Mereka juga perlu menghadirkan satu juta mobil “Robotaxi” yang dapat mengemudi sendiri ke dalam layanan komersial.
Namun pernyataan awalnya pada hari Kamis menempatkan robot Optimus dalam sorotan, memupus harapan beberapa analis lama dan pengamat Tesla yang ingin Musk fokus menghidupkan kembali bisnis kendaraan listrik perusahaan tersebut.
“Biarkan hal ini meresap ke dalam pikiran Musk,” tulis analis Gene Munster, Managing Partner di Deepwater Asset Management, di X.
“Visinya untuk ‘buku baru’ dimulai dengan Optimus. Belum ada yang menyebutkan mobil, FDS atau robotaxis.”
Kemudian dalam pidatonya, Musk menyebut FSD, kependekan dari Fully Self-Driving, dengan mengatakan bahwa perusahaan tersebut “hampir nyaman” mengizinkan pengemudi untuk “berkirim pesan dan mengemudi pada dasarnya.”
Regulator AS sedang menyelidiki fitur self-driving Tesla setelah banyak insiden di mana mobil menabrak lampu merah atau berbelok ke arah lalu lintas.
Beberapa kejadian tersebut mengakibatkan kecelakaan yang mengakibatkan cedera.
Saham Tesla naik sedikit dalam perdagangan setelah jam kerja, tetapi naik lebih dari 62% selama enam bulan terakhir.

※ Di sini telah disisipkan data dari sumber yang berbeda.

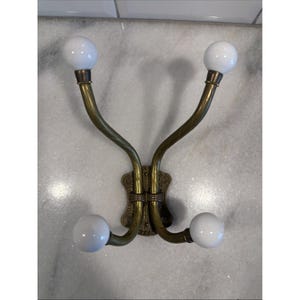 May include: A wall-mounted coat hook featuring a central brass-toned metal plate with an ornate embossed pattern. Four curved brass arms extend from the center, each ending in a smooth, round white ceramic knob for hanging garments or accessories.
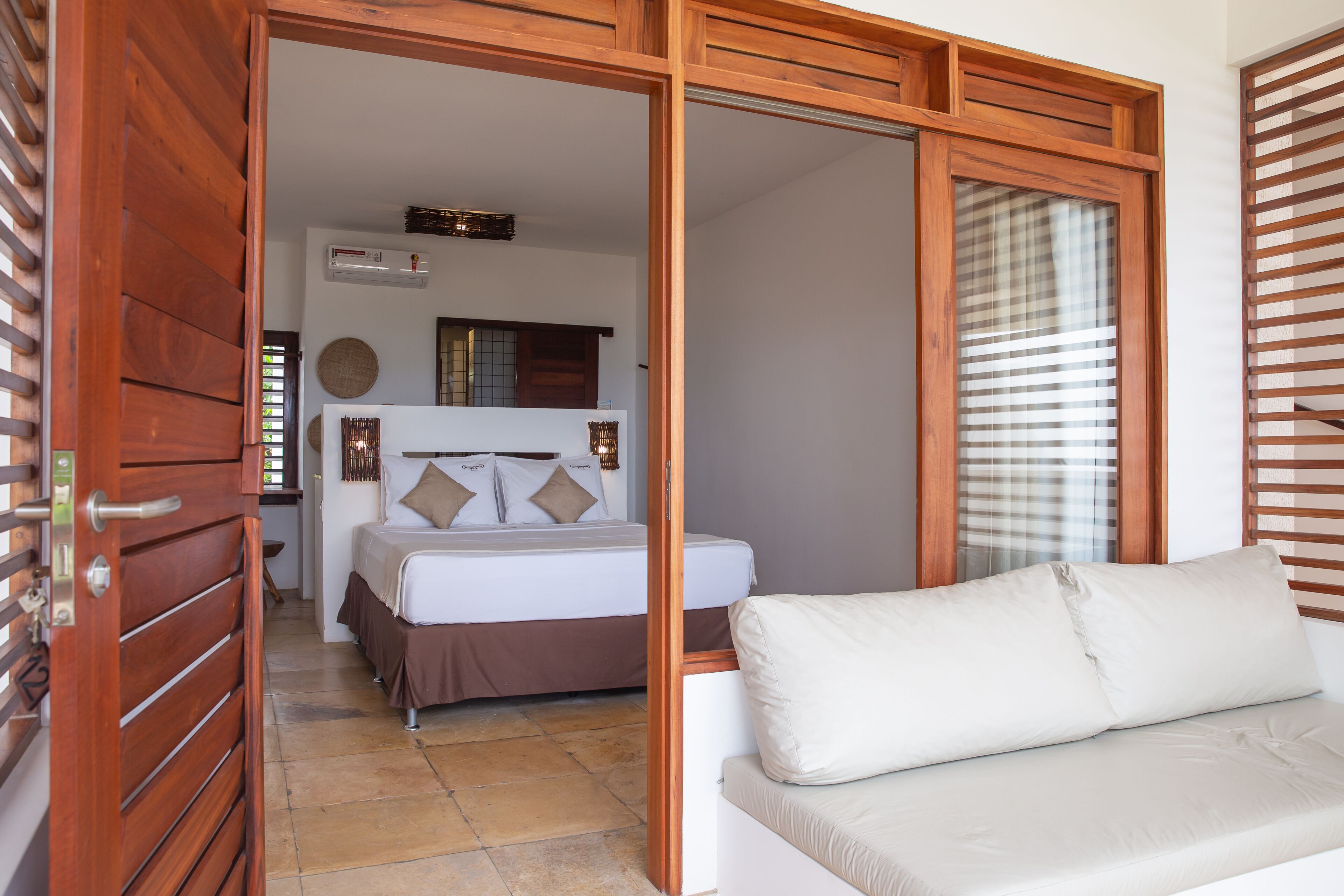 Een slaapkamer met een bed, een bank en een houten deur.
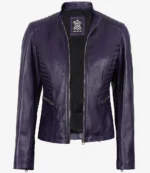 Purple leather jacket with a sleek, fitted design featuring ribbed detailing on the shoulders and sides. Two zipped side pockets add a stylish touch.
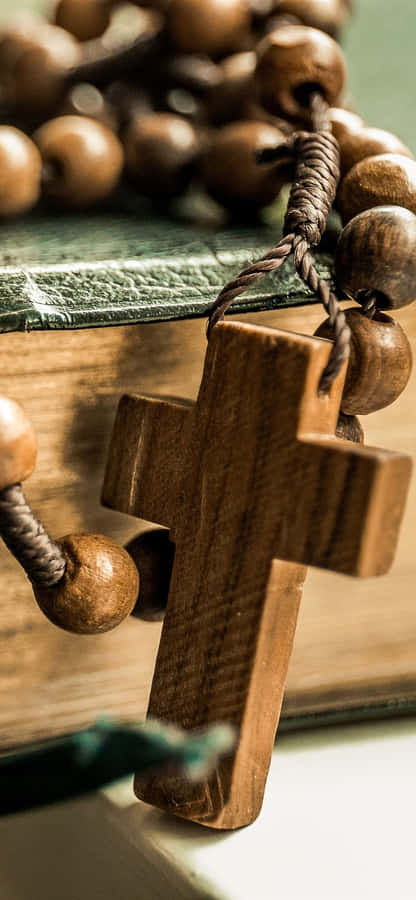 A Wooden Rosary Is Sitting On Top Of A Book Wallpaper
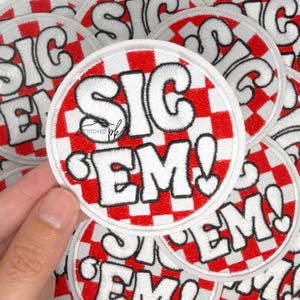 Op de afbeelding: Ronde geborduurde patch met de tekst "SIC EM!" in wit, omlijnd met zwart, op een rood-witte geblokte achtergrond. De patch heeft een witte rand. Meerdere patches zijn zichtbaar.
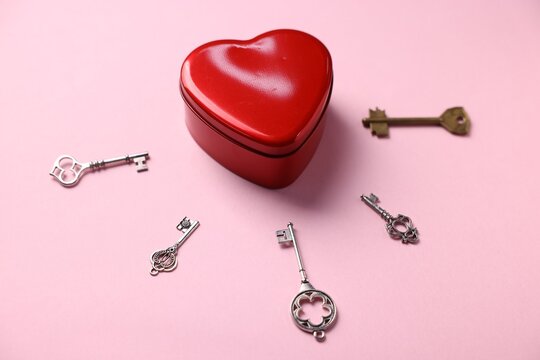 Choice concept. Heart shaped box and different keys on pink background, closeup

Dan Ives dari Wedbush Securities, seorang analis teknologi yang telah lama memperjuangkan kepemimpinan Musk di Tesla, menyebut Musk sebagai “aset terbesar Tesla” dalam sebuah catatan yang diterbitkan setelah pemungutan suara.
“Kami tetap yakin bahwa penilaian TSLA kini dapat diakses dan kami yakin bahwa transisi ke penilaian TSLA berbasis AI dalam 6-9 bulan ke depan telah dimulai,” tambah Bapak Ives.
Musk sudah memiliki 13% saham Tesla. Pemegang saham dua kali meratifikasi paket pembayaran senilai puluhan miliar dolar jika ia mencapai peningkatan sepuluh kali lipat dalam nilai pasar perusahaan, dan hal itu berhasil dilakukannya.
Namun hakim Delaware menolak perjanjian gaji tersebut dengan alasan anggota dewan Tesla terlalu dekat dengan Musk.
Tesla mendaftar ulang dari Delaware ke Texas, dan Mahkamah Agung Delaware saat ini sedang meninjau keputusan hakim pengadilan yang lebih rendah.
Paket gaji baru ini ditolak oleh beberapa investor institusi besar, termasuk Dana Kekayaan Negara Norwegia, dana kekayaan negara terbesar di dunia, dan Sistem Pensiun Pegawai Publik California (CalPERS), dana pensiun publik terbesar di Amerika Serikat.
Hal ini membuat Musk semakin bergantung pada investor ritel Tesla yang jumlahnya luar biasa besar.
Musk dan saudaranya Kimbal, yang juga duduk di dewan direksi Tesla, diizinkan untuk memberikan suara menjelang pertemuan hari Kamis.